• _EXERCISE DESCRIPTION_: Write out each record in full and exactly as given. Skip any pictures.

• _DATASET EXCERPTS_:
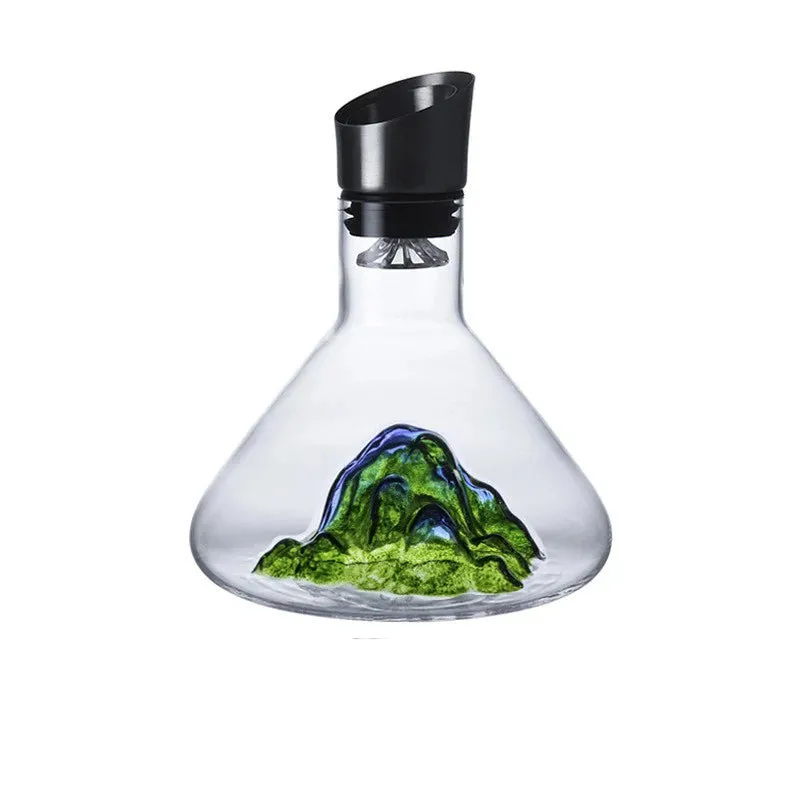 Iceberg Crystal Decanter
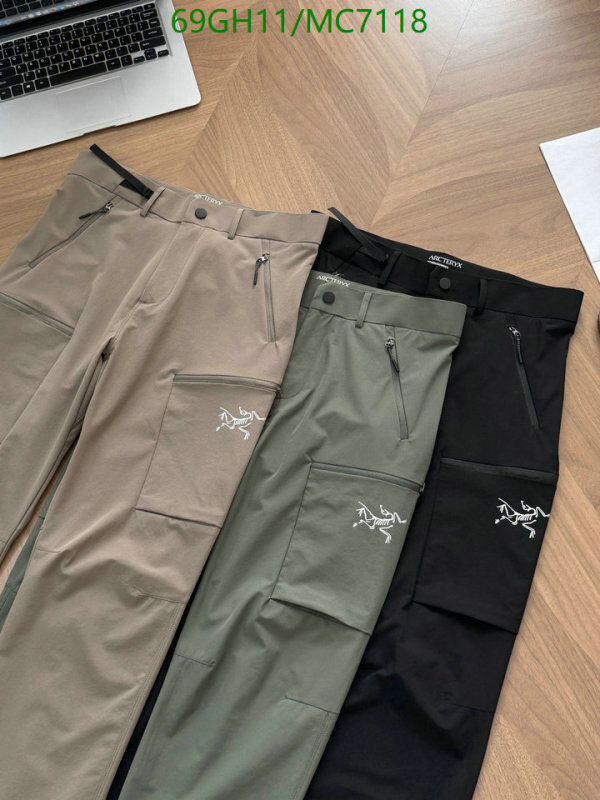 ARCTERYX-Clothing Code: MC7118 $: 69USD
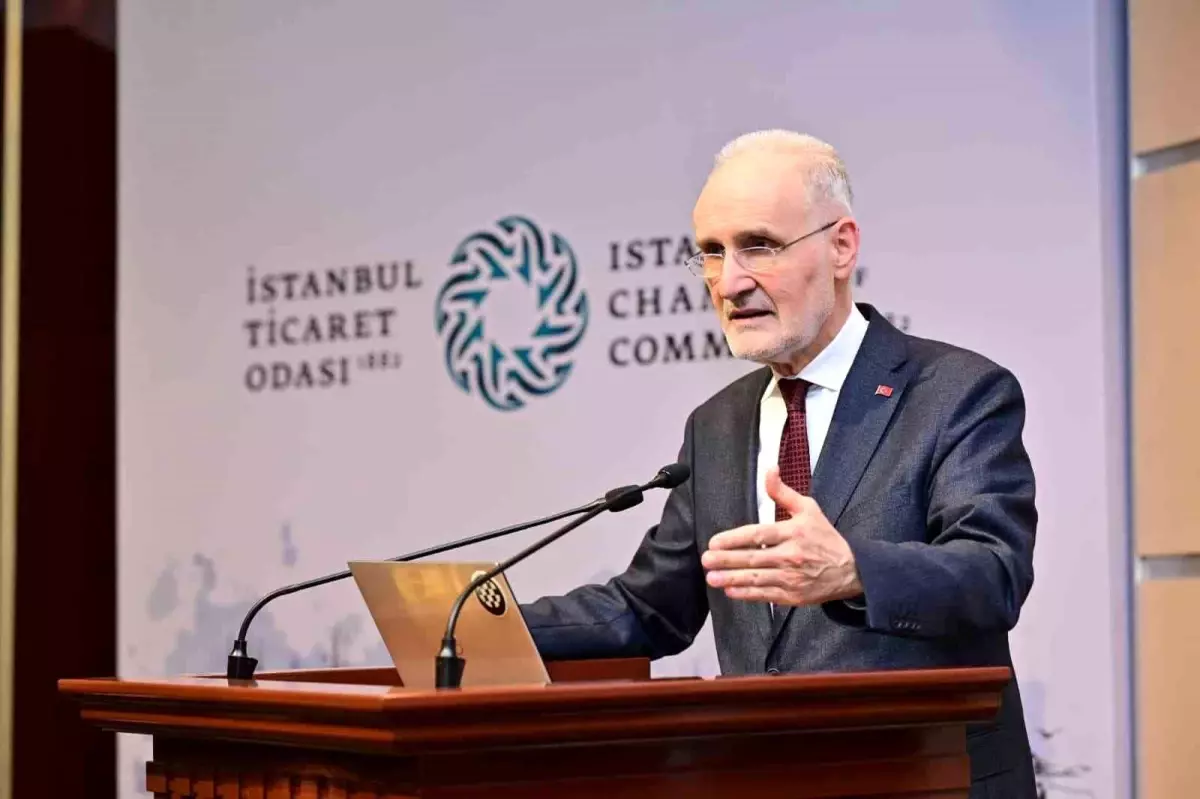 İTO Başkanı Avdagiç'ten Erken Sanayileşme Tuzağından Kaçınma Çağrısı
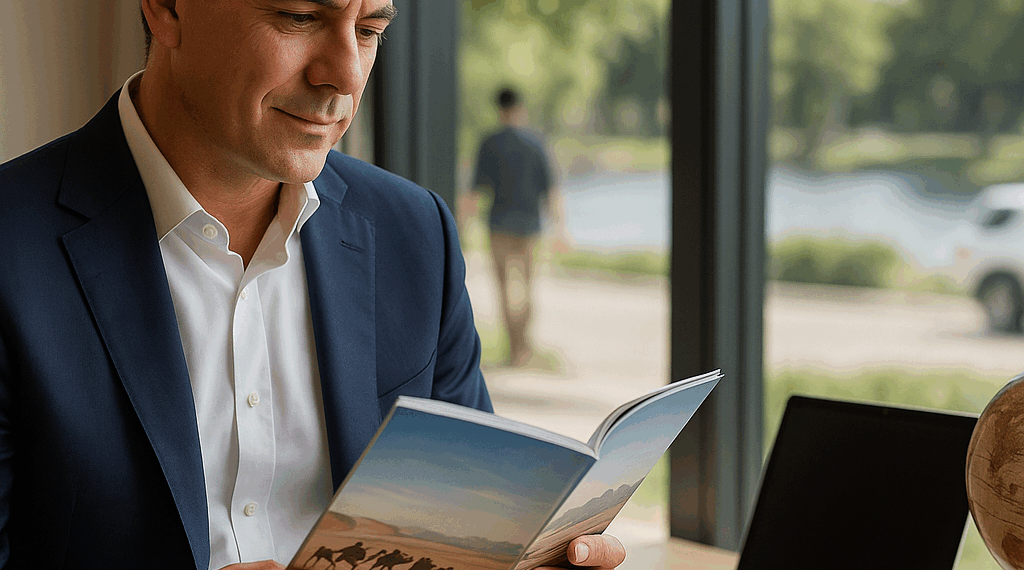 Omar Servín, llega a Abercrombie & Kent Travel Group » Líderes Mexicanos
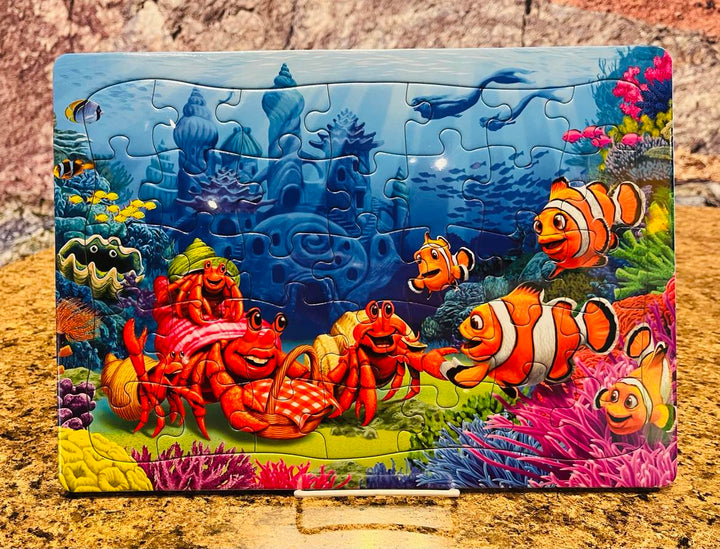 Puzzle tray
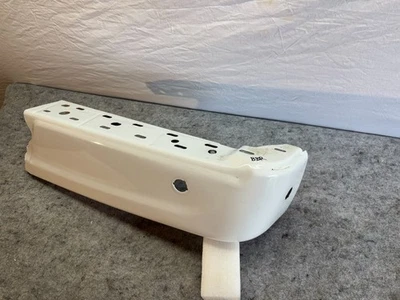 2021 2022 2023 Ford F150 Right Rear White Painted Bumper End OEM - Image 1 of 2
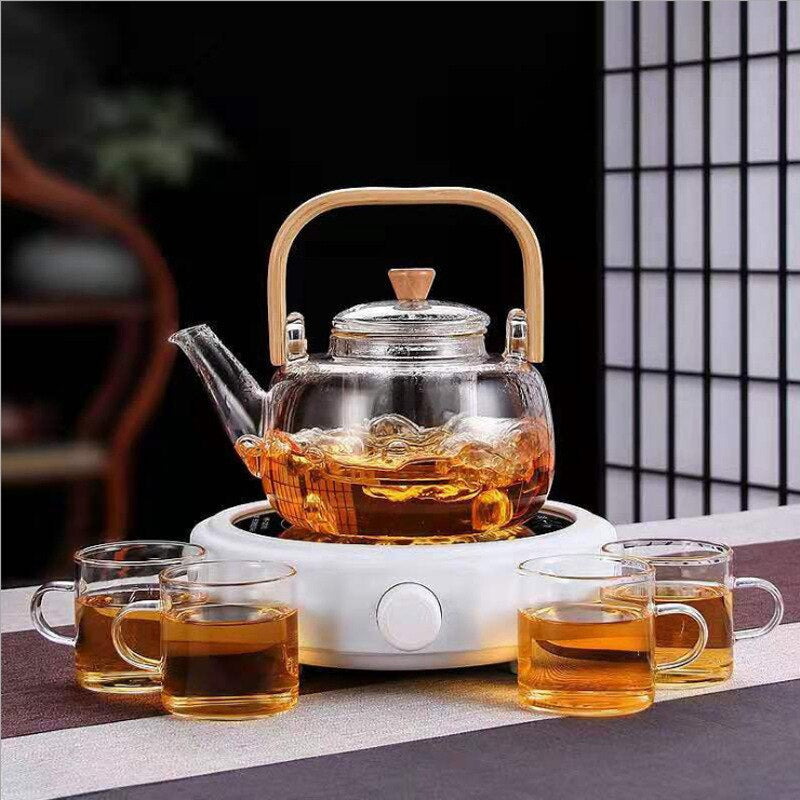Avtoit | Meditative Eastern Style Heat Resistant Teapot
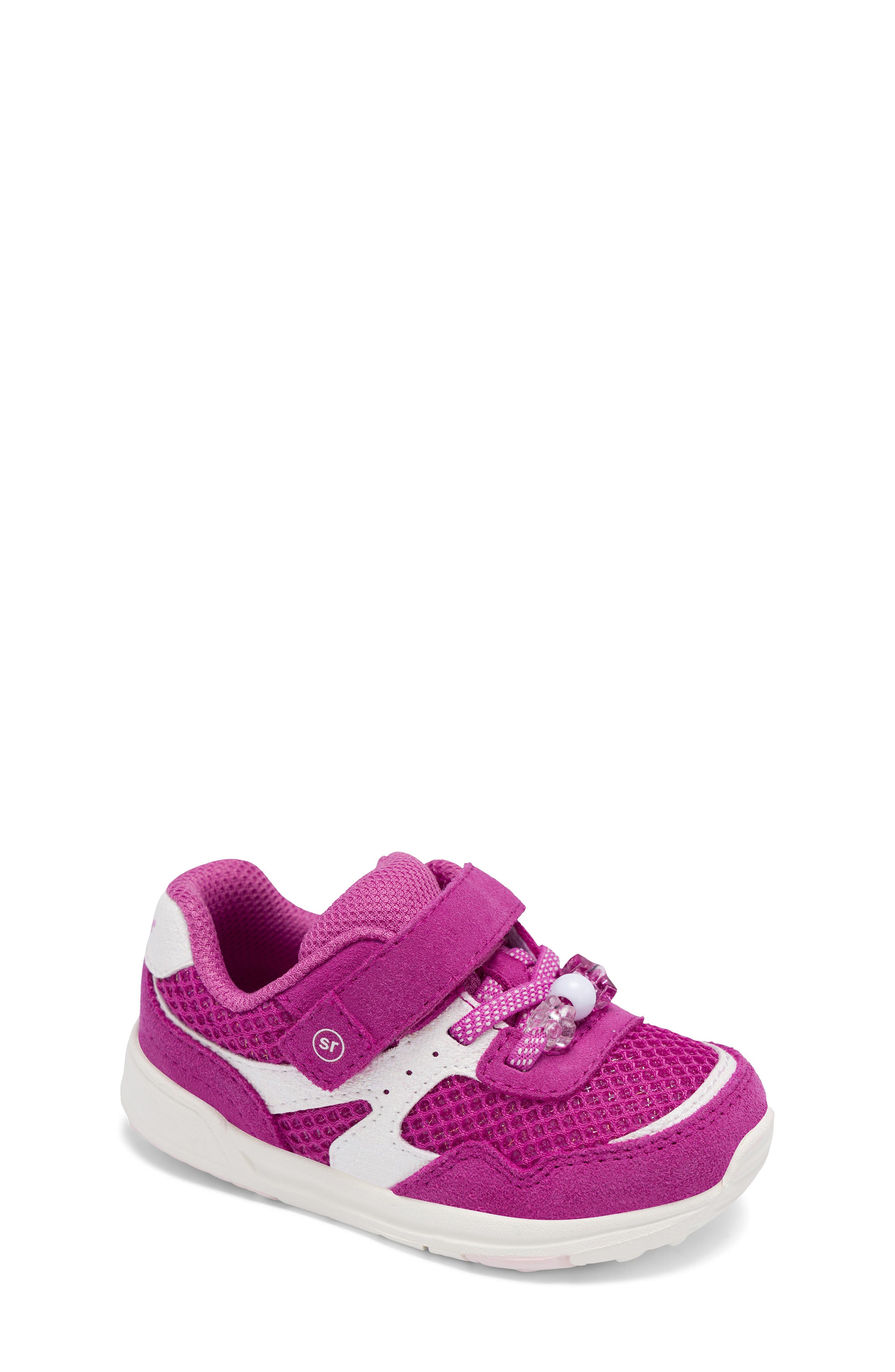 Kids' London Runner Sneaker, Main, color, ROSE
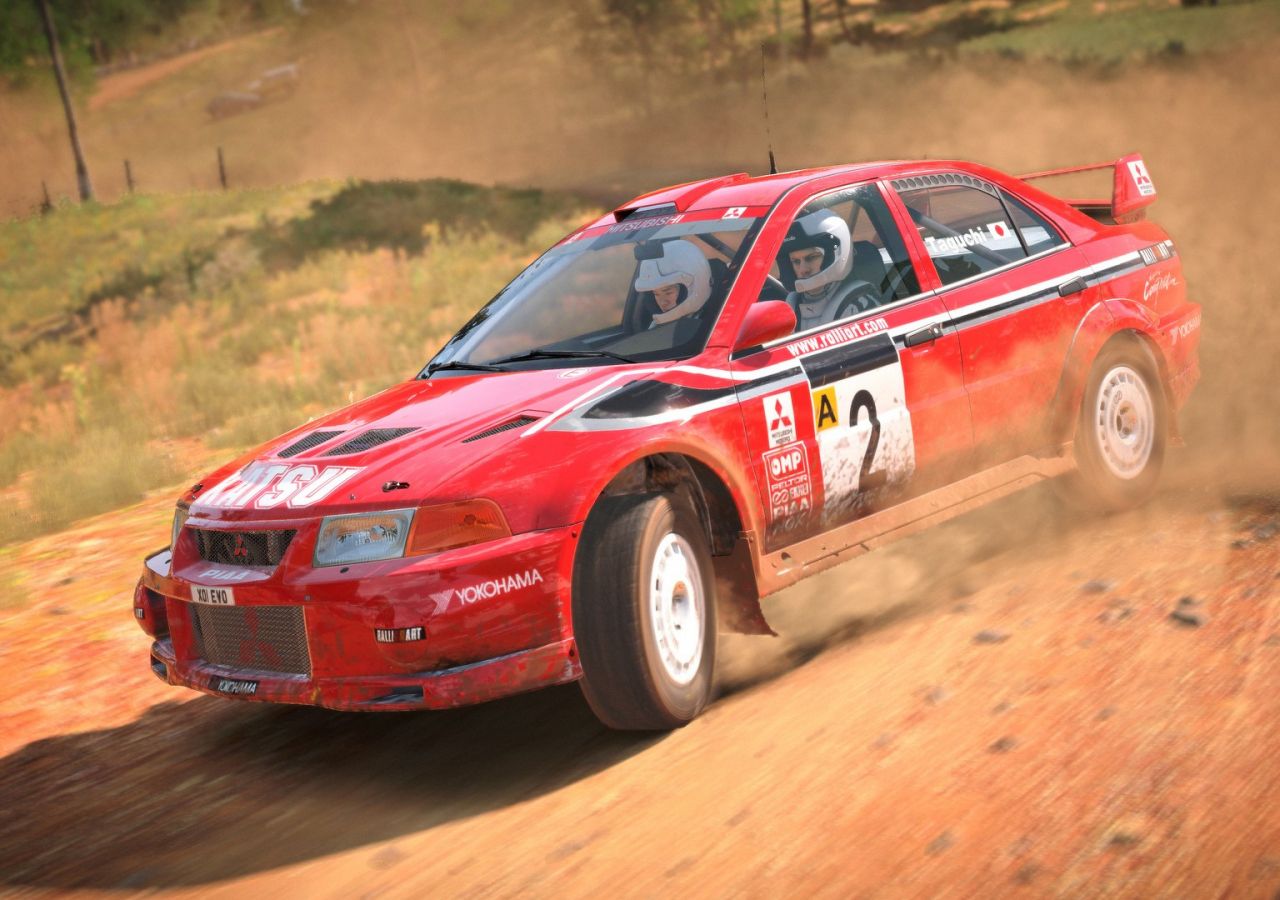 Desktop Wallpaper Dirt 4, Video Game, Race, Red Car, HD Image, Picture, Background, 57ea74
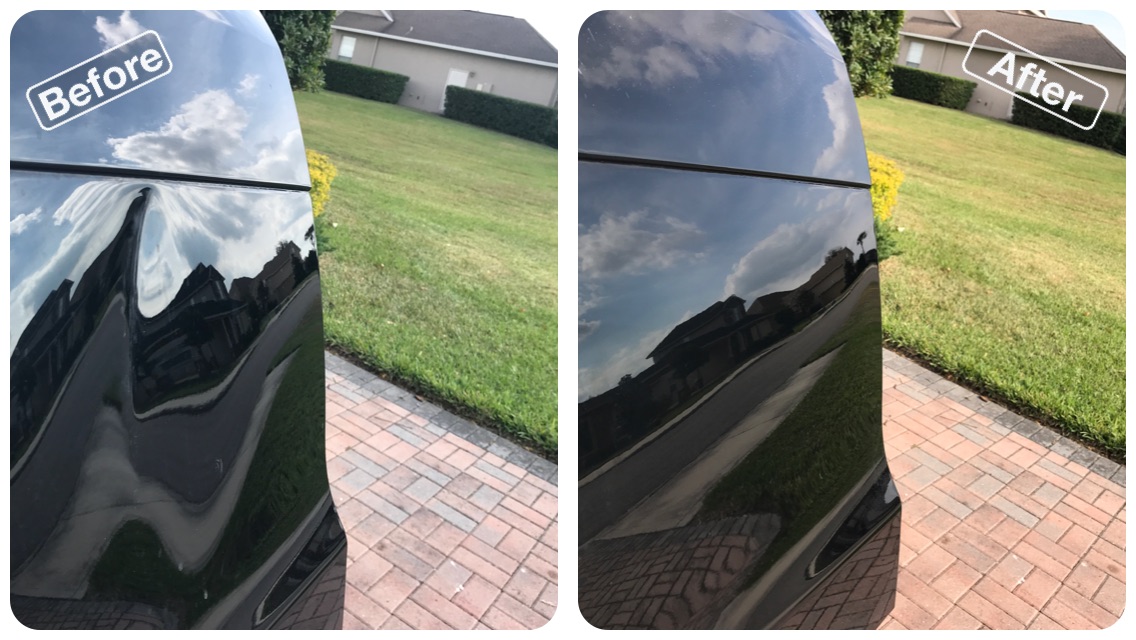  2016 GMC Tahoe. The customer was a Tennessee Vols fan, so it was difficult. I really wanted to place an Alabama 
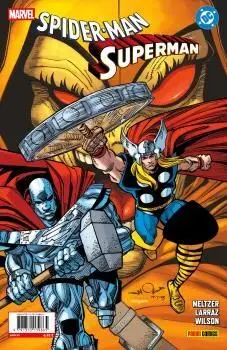 SPIDERMAN/SUPERMAN 01 (WALT SIMONSON )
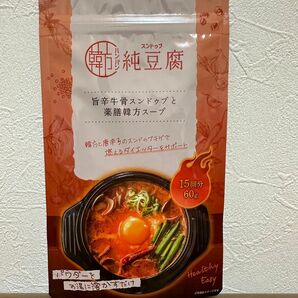 韓方純豆腐 ハンバンスンドゥブ 60g 15回分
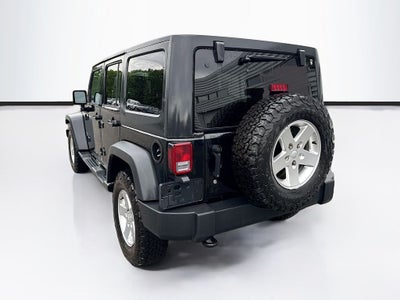 2012 Jeep Wrangler Unlimited Sport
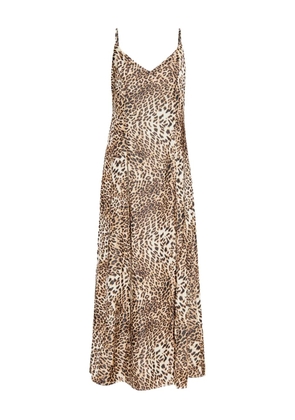 Gestuz Gzleelo dress - Brown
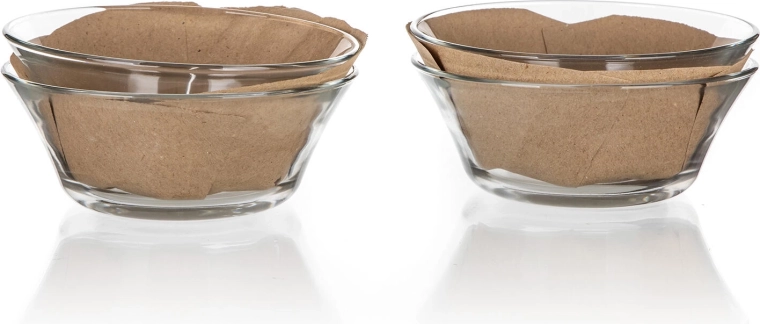 Forma conică stivuibilă economisește spațiu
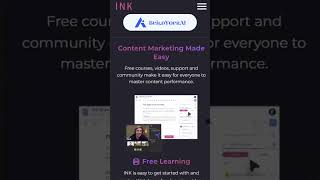 INKforall: AI-Driven SEO and Semantic Intelligence at Your Fingertips!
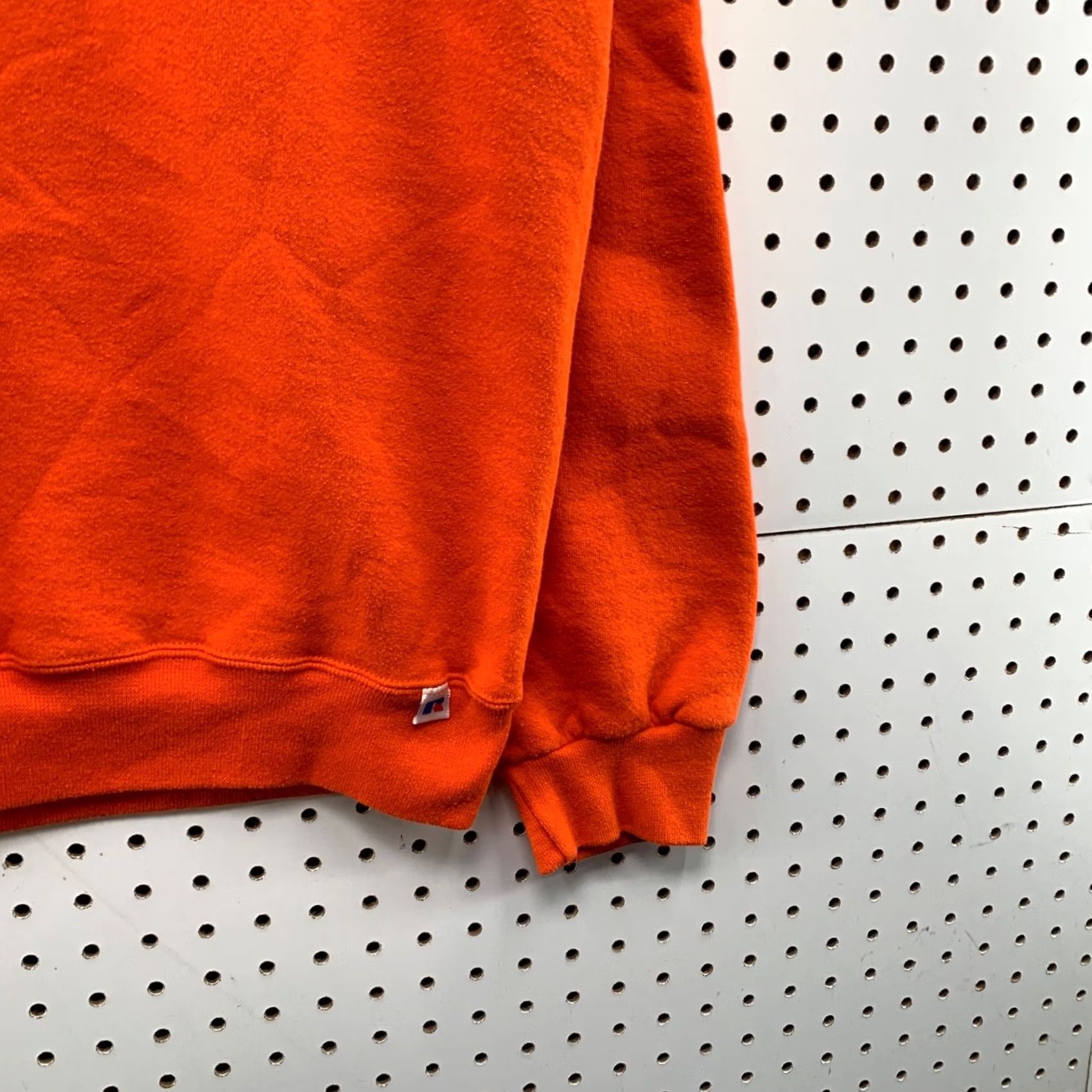 Russell Athletic VINTAGE Russell Athletic Shirt Mens LT Orange 90s Crewneck Sweatshirt Tall USA Size US L / EU 52-54 / 3 - 6 Thumbnail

• _RESULT FOR THIS TASK_:
 Iceberg Crystal Decanter
 ARCTERYX-Clothing Code: MC7118 $: 69USD
 İTO Başkanı Avdagiç'ten Erken Sanayileşme Tuzağından Kaçınma Çağrısı
 Omar Servín, llega a Abercrombie & Kent Travel Group » Líderes Mexicanos
 Puzzle tray
 2021 2022 2023 Ford F150 Right Rear White Painted Bumper End OEM - Image 1 of 2
Avtoit | Meditative Eastern Style Heat Resistant Teapot
 Kids' London Runner Sneaker, Main, color, ROSE
 Desktop Wallpaper Dirt 4, Video Game, Race, Red Car, HD Image, Picture, Background, 57ea74
  2016 GMC Tahoe. The customer was a Tennessee Vols fan, so it was difficult. I really wanted to place an Alabama 
 SPIDERMAN/SUPERMAN 01 (WALT SIMONSON )
 韓方純豆腐 ハンバンスンドゥブ 60g 15回分
 2012 Jeep Wrangler Unlimited Sport
 Gestuz Gzleelo dress - Brown
 Forma conică stivuibilă economisește spațiu
 INKforall: AI-Driven SEO and Semantic Intelligence at Your Fingertips!
 Russell Athletic VINTAGE Russell Athletic Shirt Mens LT Orange 90s Crewneck Sweatshirt Tall USA Size US L / EU 52-54 / 3 - 6 Thumbnail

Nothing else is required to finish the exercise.